Spark SQL is a very effective distributed SQL engine for OLAP and widely adopted in Baidu production for many internal BI projects. However, Baidu has also been facing many challenges for large scale including tuning the shuffle parallelism for thousands of jobs, inefficient execution plan, and handling data skew.
In this talk, we will explore Intel and Baidu’s joint efforts to address challenges in large scale and offer an overview of an adaptive execution mode we implemented for Baidu’s Big SQL platform which is based on Spark SQL. At runtime, adaptive execution can change the execution plan to use a better join strategy and handle skewed join automatically. It can also change the number of reducer to better fit the data scale. In general, adaptive execution decreases the effort involved in tuning SQL query parameters and improves the execution performance by choosing a better execution plan and parallelism at runtime.

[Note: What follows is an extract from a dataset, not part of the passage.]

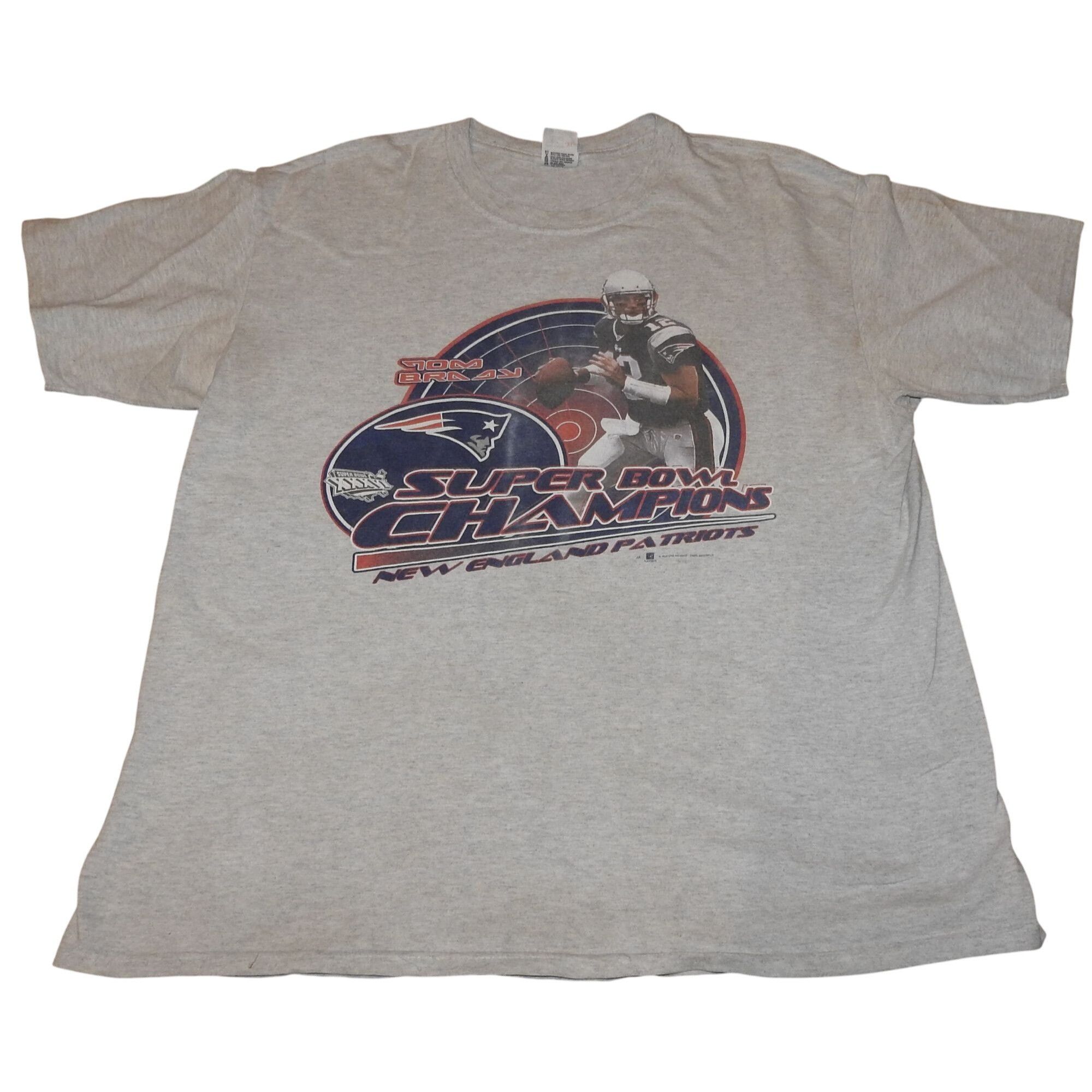 Anvil Vintage 2002 Tom Brady XXXVI Superbowl Champs T-shirt Size Size US XL / EU 56 / 4 - 1 Thumbnail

We’ll also share our experience of using adaptive execution in Baidu’s production cluster with thousands of server, where adaptive execution helps to improve the performance of some complex queries by 200%. After further analysis we found that several special scenarios in Baidu data analysis can benefit from the optimization of choosing better join type. We got 2x performance improvement in the scenario where the user wanted to analysis 1000+ advertisers’ cost from both web and mobile side and each side has a full information table with 10 TB parquet file per-day. Now we are writing probe jobs to detect more scenarios from current daily jobs of our users. We are also considering to expose the strategy interface based on the detailed metrics collected form adaptive execution mode for the upper users.
Session hashtag: #Exp5SAIS
Carson Wang is a big data software engineer at Intel, focusing on developing and improving new big data technologies. He is an active open source contributor to the Apache Spark and Alluxio projects. He is also a core developer and maintainer of HiBench - an open sourced bigdata micro benchmark suite. Prior to Intel, Carson worked for Microsoft on Windows Azure.
Yuanjian is a senior engineer and the lead for distributed computing team at Baidu. He and his team develop and support the internal MapReduce and Spark platform in Baidu. He is also a Spark contributor. Prior of that, He worked on real time computing and distributed tracing system.